こうした警戒心はなかなかぬぐえるものではなく、私たちは「警戒心が強いがゆえに生き残ってきた個体の子孫」ということでもあるという。
「イライラしちゃうの、しょうがない!」
動物は思い通りにならないとき、力任せになんとかしようとする。しかし、人間は「動物のように物事を暴力で解決するのはやめよう」と決め、うっぷん晴らしはできなくなった。
「暴力なしよ」という現代社会のルールを実践する私たちは、身体の態勢が暴力向きになっても抑制する。これがイライラの原因という。ちなみに、イライラを止めるには活発化した脳を沈静化する「ため息」が効果大なのだそう。

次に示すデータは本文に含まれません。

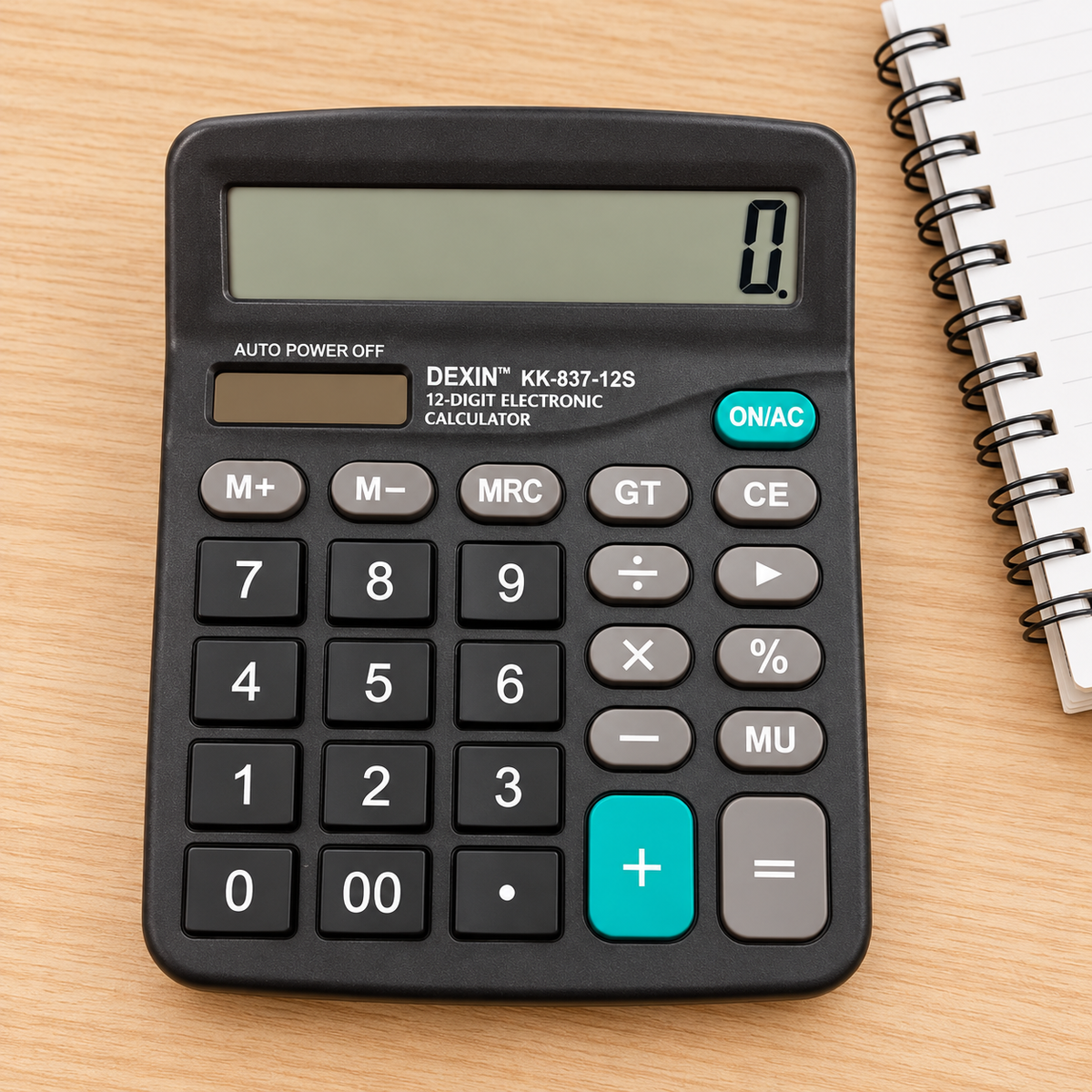 Calculadora completa sobre escritorio, vista del teclado — Vendalia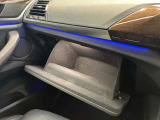 BMWを熟知したメカニックによる100項目の点検・整備を行います。不具合箇所、交換時期に達している部品に関しましては、全て当社負担で交換してからのご納車となります。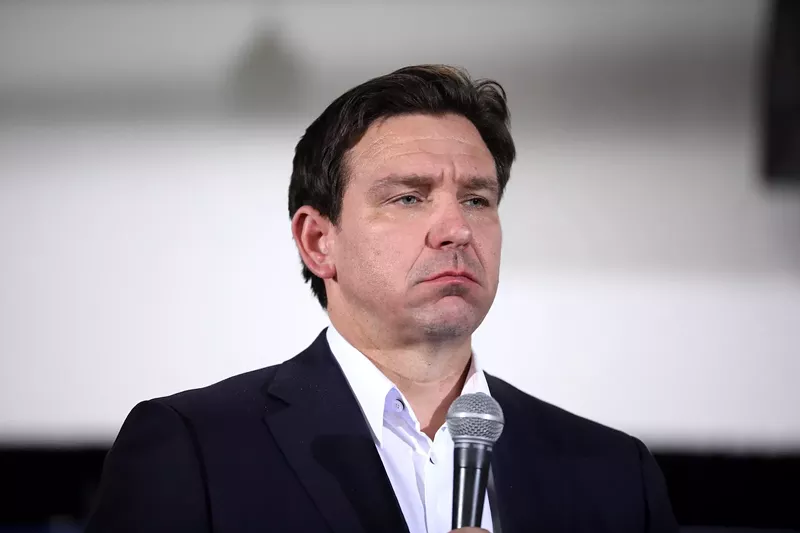 Image: Photo of Ron DeSantis in a pose suitable for chiseling into a bust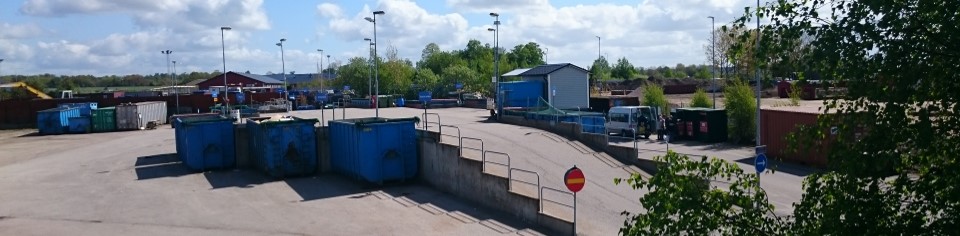 Fler blå containrar på Återvinningscentralen i Eslöv.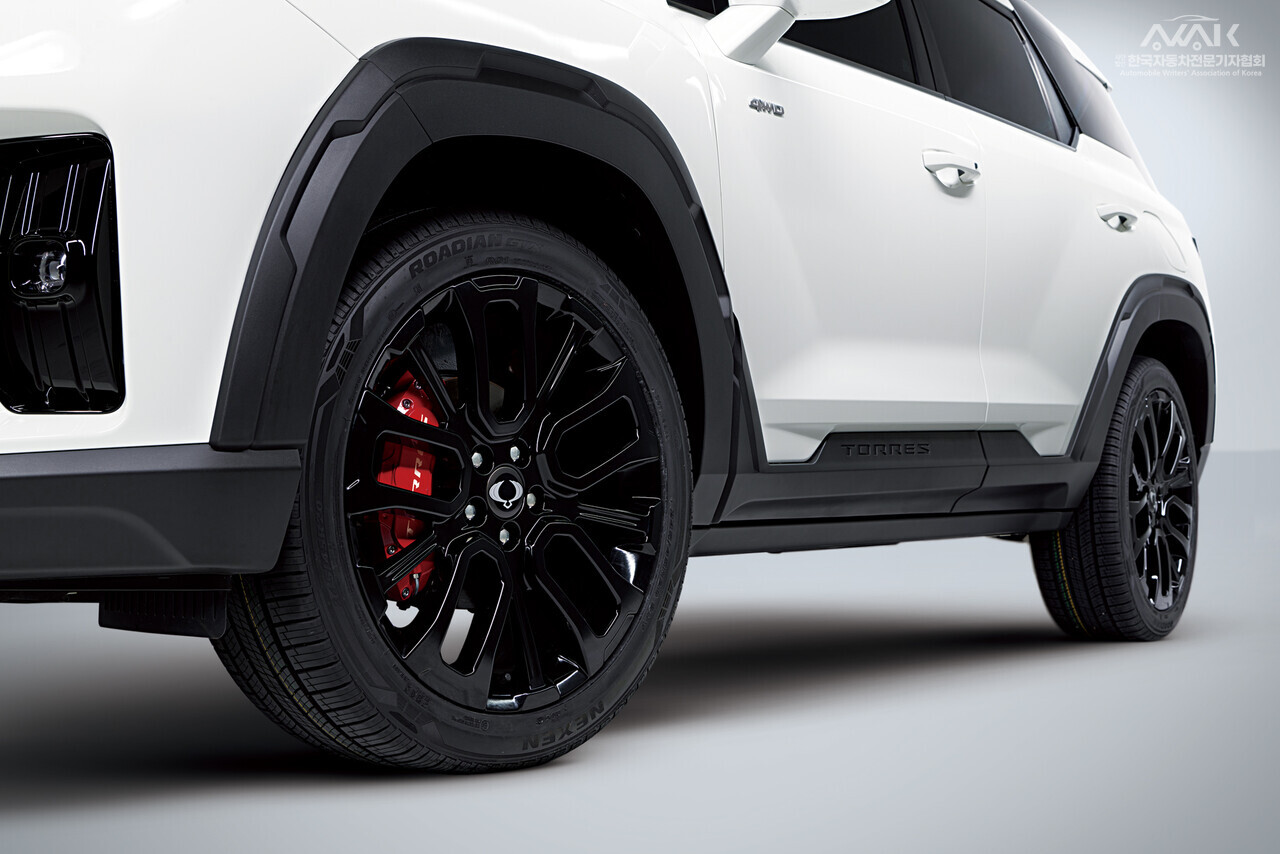 KG 모빌리티 토레스 블랙 에디션 한정판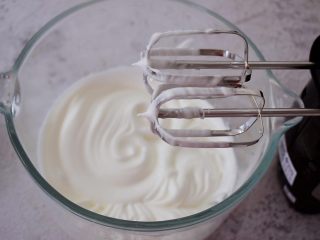 8、舒芙蕾松饼,提起打蛋器有小尖角即可，称为蛋白霜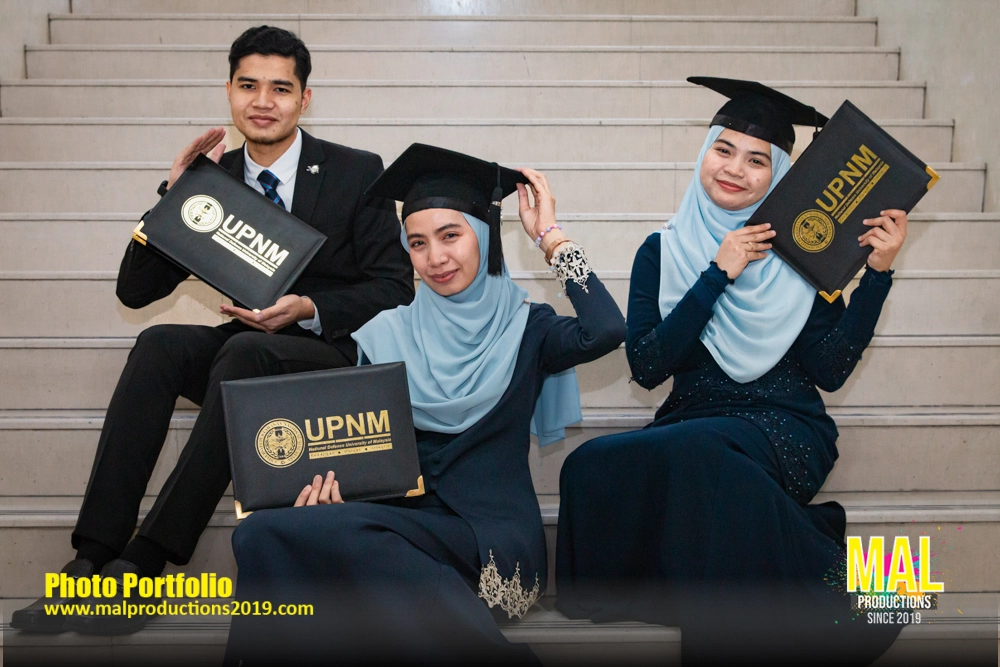 Gaduation Convocation PWTC Family Portfolio MAL 2019 -55.webp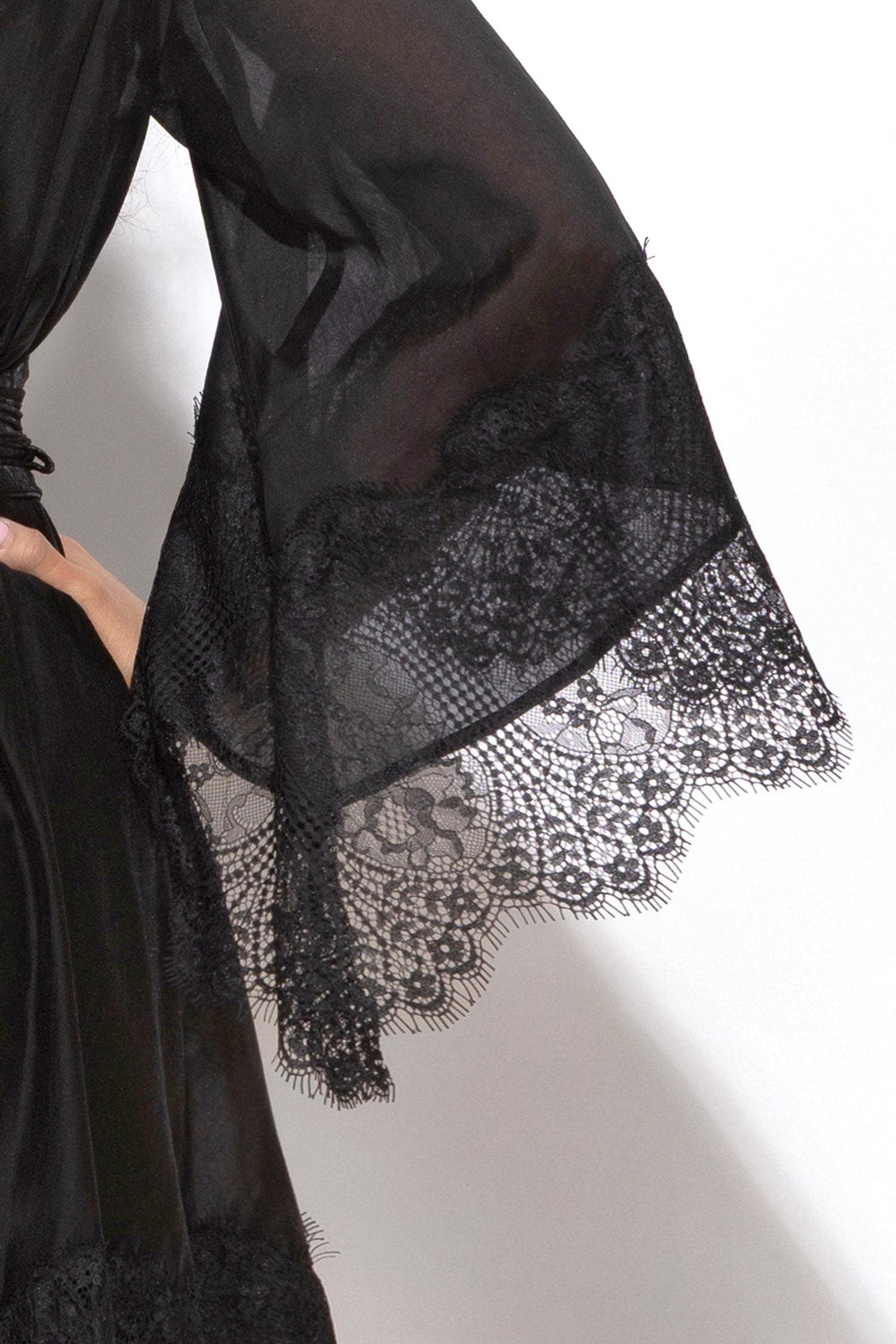 Krátke šaty z tencelu s čipkou v čiernej farbe - Essentials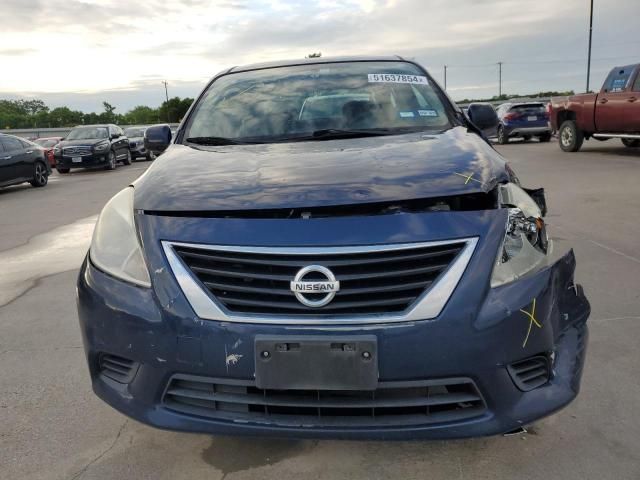 2013 Nissan Versa S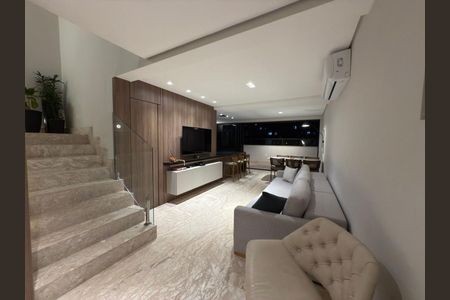 Apartamento à venda com 256m², 3 quartos e 4 vagas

「諦めるために使ってもよし! 逆に、あなたにとってその項目が難なくできることなら、それは間違いなくあなたの武器であり、個性になりえます。『がんばってもしょうがないこと』と『がんばればどうにかなること』の分岐点で迷わないよう、本書はあなたの人生の地図となるはずです!」
〇〇しちゃうの、生物学的にしょうがなかったんだと思うと、ずいぶん気持ちが軽くなる。悩みの解決法の1つとして覚えておきたい。
■石川幹人さんプロフィール
1959年東京都生まれ。進化心理学者、明治大学情報コミュニケーション学部教授、博士(工学)。東京工業大学理学部応用物理学科(生物物理学)卒。パナソニックで映像情報システムの設計開発を手掛け、新世代コンピュータ技術開発機構で人工知能研究に従事。専門は認知科学、遺伝子情報処理。生物進化論の心理学や社会学への応用、人工知能(AI)および心の科学の基礎論研究、科学コミュニケーションおよび科学リテラシー教育、超心理学を例にした疑似科学研究など、生物学、脳科学、心理学の領域を長年研究している。「嵐のワクワク学校」などのイベント講師、「サイエンスZERO」(NHK)、「たけしのTVタックル」(テレビ朝日)など、数多くのテレビやラジオに出演。『職場のざんねんな人図鑑』(技術評論社)、『その悩み「9割が勘違い」』(株式会社KADOKAWA)、『なぜ疑似科学が社会を動かすのか』(PHP新書)など、著書多数。